- ASSIGNED TASK -
What I need is an exact repeat of the lines from the one with "Toyota Yaris - 13" through the end of the listing below. Leave out every picture.

- GIVEN DATA -
:::::

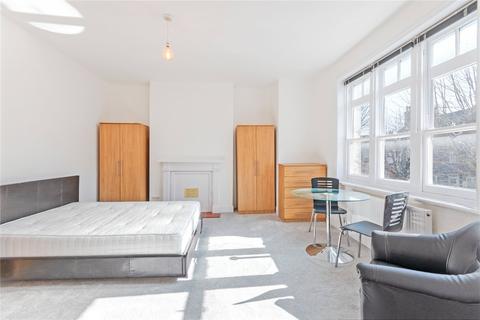 Studio to rent, Stanley Gardens, Willesden Green, NW2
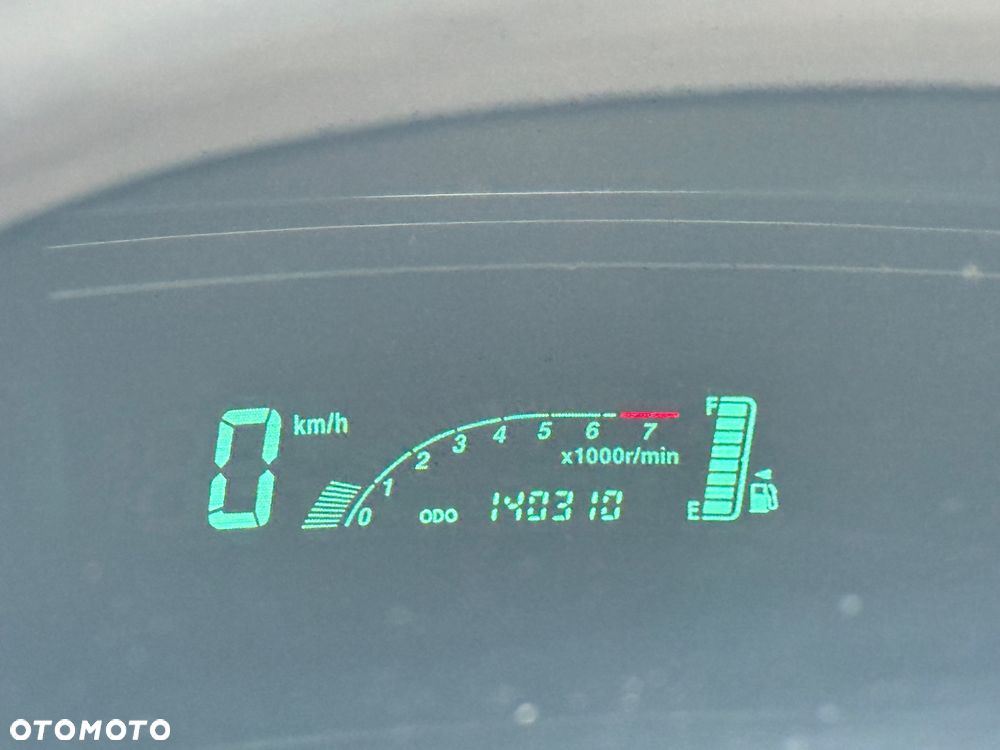 Toyota Yaris - 13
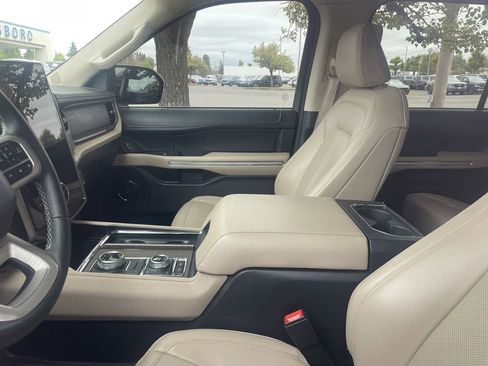Used 2024 Ford Expedition Limited AWD/4WD image 6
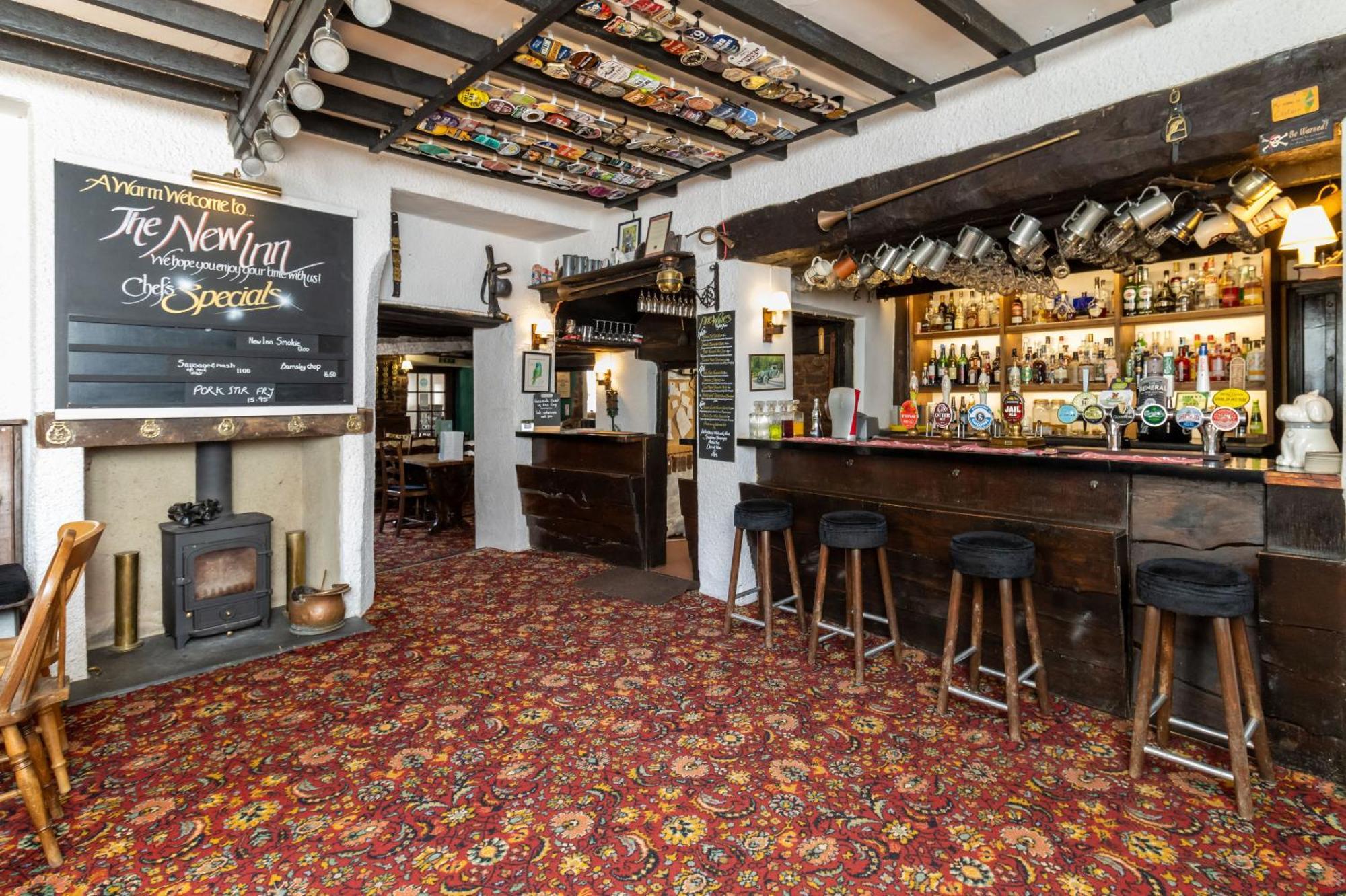New Inn Кредитън Екстериор снимка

:::::

- RESPONSE FOR THIS EXERCISE -
 Toyota Yaris - 13
Used 2024 Ford Expedition Limited AWD/4WD image 6
New Inn Кредитън Екстериор снимка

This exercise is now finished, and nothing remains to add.